"Este tipo de sectas está muy presente en grupos políticos y económicos"

La asociación para la prevención de la manipulación sectaria será acusación en el caso de Antonio Javier Ruiz Plazas

Fachada de la Casa Yoga de la calle Federico García Lorca, limítrofe entre Armilla y el Zaidín.
Fachada de la Casa Yoga de la calle Federico García Lorca, limítrofe entre Armilla y el Zaidín.
E. P. / Granada

26 de diciembre 2010 - 01:00

La Asociación para la prevención de la manipulación sectaria (Redune) se personará como acusación popular en la causa judicial contra Antonio Javier Ruiz Plazas, el falso gurú de la comunidad hinduista de la Rama Védica en España Vadika Pratishana Sangha instalada en una Casa Yoga de Armilla, que ha sido denunciado por la Fiscalía de Granada por utilizar "técnicas de persuasión coercitiva" con los integrantes de su comunidad en su beneficio personal, sexual y económico.

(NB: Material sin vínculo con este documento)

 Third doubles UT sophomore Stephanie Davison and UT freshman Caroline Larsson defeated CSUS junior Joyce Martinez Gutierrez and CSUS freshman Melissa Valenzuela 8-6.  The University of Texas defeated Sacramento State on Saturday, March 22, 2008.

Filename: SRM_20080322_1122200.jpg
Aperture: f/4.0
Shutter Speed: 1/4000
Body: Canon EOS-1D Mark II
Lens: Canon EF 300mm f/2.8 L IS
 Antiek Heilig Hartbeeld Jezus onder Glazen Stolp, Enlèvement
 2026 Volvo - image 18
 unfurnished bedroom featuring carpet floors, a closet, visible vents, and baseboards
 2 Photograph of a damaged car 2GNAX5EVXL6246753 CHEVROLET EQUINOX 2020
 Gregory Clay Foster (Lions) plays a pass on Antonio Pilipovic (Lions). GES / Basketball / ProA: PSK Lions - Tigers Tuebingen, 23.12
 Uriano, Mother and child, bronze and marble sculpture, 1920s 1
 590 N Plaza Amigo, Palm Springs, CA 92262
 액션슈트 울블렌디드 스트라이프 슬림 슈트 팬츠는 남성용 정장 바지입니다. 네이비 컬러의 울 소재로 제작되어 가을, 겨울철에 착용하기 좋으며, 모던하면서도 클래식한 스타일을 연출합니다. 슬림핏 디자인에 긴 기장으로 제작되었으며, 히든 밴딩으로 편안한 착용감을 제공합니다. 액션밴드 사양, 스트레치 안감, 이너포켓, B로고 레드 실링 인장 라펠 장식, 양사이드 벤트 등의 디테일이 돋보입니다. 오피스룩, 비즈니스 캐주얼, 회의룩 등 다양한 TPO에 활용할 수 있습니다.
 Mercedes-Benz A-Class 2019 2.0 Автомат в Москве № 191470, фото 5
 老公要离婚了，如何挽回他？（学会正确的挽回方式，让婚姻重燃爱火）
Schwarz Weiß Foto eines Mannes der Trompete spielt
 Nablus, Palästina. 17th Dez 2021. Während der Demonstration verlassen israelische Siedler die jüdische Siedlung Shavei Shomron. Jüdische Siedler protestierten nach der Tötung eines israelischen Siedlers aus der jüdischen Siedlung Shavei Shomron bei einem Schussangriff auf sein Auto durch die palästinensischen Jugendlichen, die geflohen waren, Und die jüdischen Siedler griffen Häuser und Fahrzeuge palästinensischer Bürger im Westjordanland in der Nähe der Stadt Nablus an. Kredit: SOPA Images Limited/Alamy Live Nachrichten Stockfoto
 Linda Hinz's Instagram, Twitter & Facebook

Lo confirmó a Europa Press el presidente de Redune, el ex diputado vasco Juantxo Domínguez, que considera que la conducta de Plazas, "propia de un líder sectario", está tipificada en el artículo 515 del Código Penal, que establece en su párrafo tercero que "son punibles las asociaciones ilícitas, teniendo tal consideración las que, aun teniendo por objeto un fin lícito, empleen medios violentos o de alteración o control de la personalidad para su consecución", lo que en otros países, como Francia, se considera un delito de manipulación psicológica.

En su opinión, procesar a Plazas abrirá la puerta de la jurisprudencia a otros casos similares en España, donde prácticamente no se han llevado a juicio a estos grupos que utilizan la "manipulación psicológica" con un interés económico o personal, generalmente con personas que son mayores de edad. Para Domínguez, es "responsabilidad de la justicia" detectar y castigar a los responsables de este tipo de sectas, "que se saltan a la torera la Constitución".

Para el citado colectivo, la comunidad hinduista que lidera Plazas es una "secta destructiva", que genera entre sus miembros "una importante dependencia psicológica", lo que, de afectar a un buen número de personas, como es el caso de Granada -se calcula que podría haber al menos una veintena de perjudicados- se puede convertir en un "auténtico problema de salud pública".

"La gente no se puede imaginar hasta qué punto este tipo de sectas están metidas hasta el tuétano en grupos políticos y económicos", añade Domínguez, que se personará en la causa contra Plazas previsiblemente después de Navidad.